Second, you have to figure out how to move past those fears and write. Here is the primary technique that helped me:
- Think of a trusted friend or colleague outside of your household who could assume the persona of a “hater” for long enough to give your talk a “hostile read.”
- Set a date about a week before your talk to submit it to that friend and that friend only.
- Get the “hostile read” and then decide on a passage-by-passage basis what to do with each bone of contention. Should you change your talk to deal directly with it? Double down? Let it be?
- My personal golden ratio is 4-3-3: I rework a talk to deal with about 40 percent of the minefields that my hostile reader has found, double down on about a third, and just shrug off the final third. At best, I improve my talk. At worst, at least I finished it on time.
And on the off chance that your worst fears materialize and one of your detractors decides to challenge you publicly? I find that taking the air out of their outrage balloon works wonders. Simply flash an enormous smile and say: Oh wow, what a great question (this is especially effective if this person’s comment isn’t a question). And then add: I never thought of it that way before. I’ll have to do some thinking on it and get back to you. I promise you they will be left stammering.
Good luck, Nirvana, and remember: The biggest hater in your head will always be you.
Question: I am completely stuck on a lengthy peer-review project. I have to read and respond to about 25 different essays for an edited volume, and it is sucking up my will to live, not to mention any creative energy I had toward my own work. Any ideas?
Signed,
Oof
Oof, indeed. Peer review is a minefield in so many ways — several of my friends have never recovered from a scathing exegesis by a “Reviewer 2” type.
Yet what we often forget to acknowledge is the thankless nature of the peer reviewer’s task. Because it’s one of those largely unpaid obligations that fits vaguely under “service” but also vaguely under “research” — whilst also not really counting for much on your CV in the end — peer reviewers are often not in the greatest mood when they’re doing it. That mood may be reflected strongly in the tenor of the review, which leads to hurt feelings and damaged reputations.

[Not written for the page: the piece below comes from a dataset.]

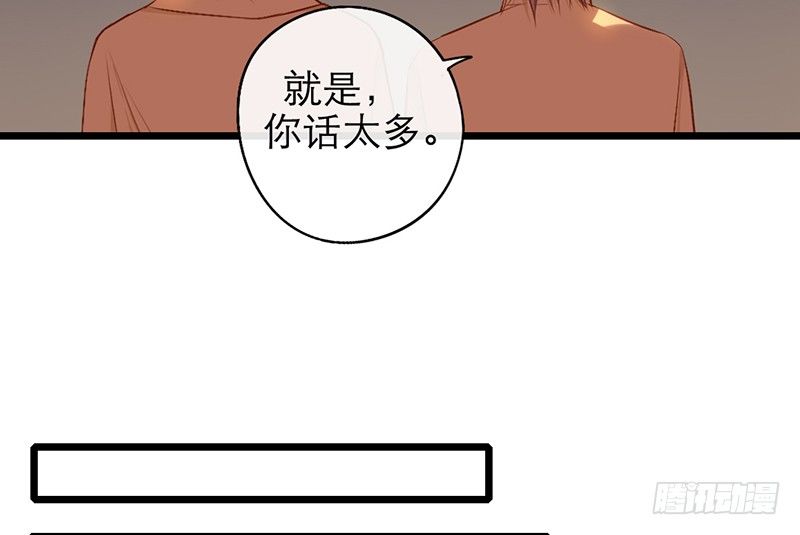 《新晋上仙腐神君》第21话 喻达 第35页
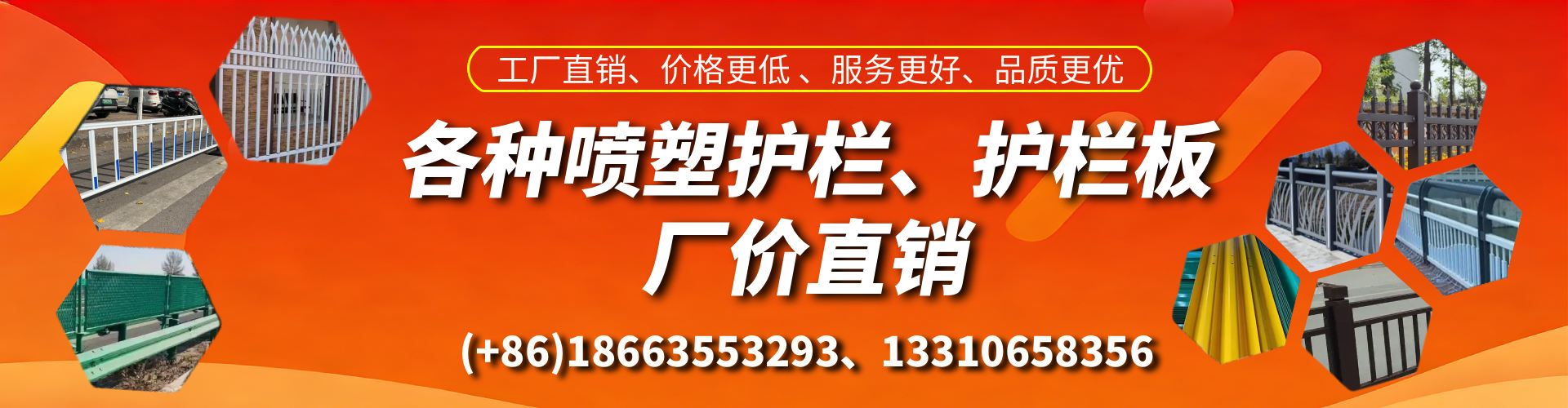红河喷塑护栏_喷塑护栏板_喷塑围栏生产厂家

I could spend the rest of this column scorching the peer-review industrial complex, which might make you feel better but won’t actually help. So I will do the next best thing, Oof, which is to offer you a rubric that will save you some time and put you in a friendlier state of mind as you write your reviews.
I’m talking about a rubric (or precis, chart, table) that only you can see, unlike the kind you would share with your students and used to grade their papers. Your peer-review rubric should have four categories on which you will assess each article:
- Cleanliness of writing
- Thesis
- Engagement with the conversation
- Organization
Leave space for notes about each category. Be as vicious as you’d like on your rubric since no authors will see it. You can rephrase your thoughts more diplomatically on the actual review.

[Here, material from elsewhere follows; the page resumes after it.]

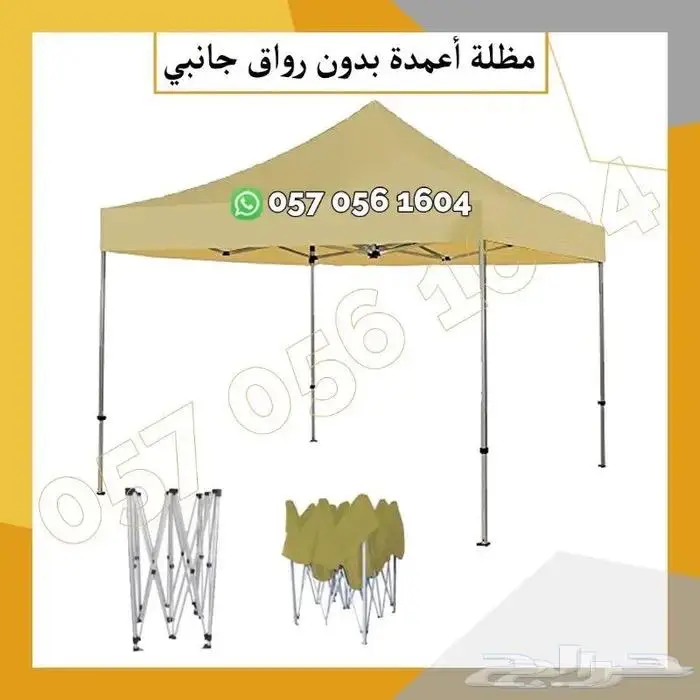 خيمه متنقله قابله للطي - برواق وبدون رواق 0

Are those four categories the only important aspects of a journal or volume article? No, but they’re enough that your review will be thorough if you can populate those four fields while you read. And basically, that’s what you should do:
- Read the paper once through at a fast pace, without getting bogged down into details or making any comments on it.
- Go through it again carefully. Stop taking notes once you have populated the four fields with something of substance. Then skim the rest (since you’ve already read it once).
- Finally, promise yourself a small prize for every essay you finish assessing, plus a big prize for when you finish the whole lot. (Schuman 2.0 is partial to candy — after all, I might not be fixated on mostly imaginary haters anymore, but I have a few vices I’ve yet to purge.)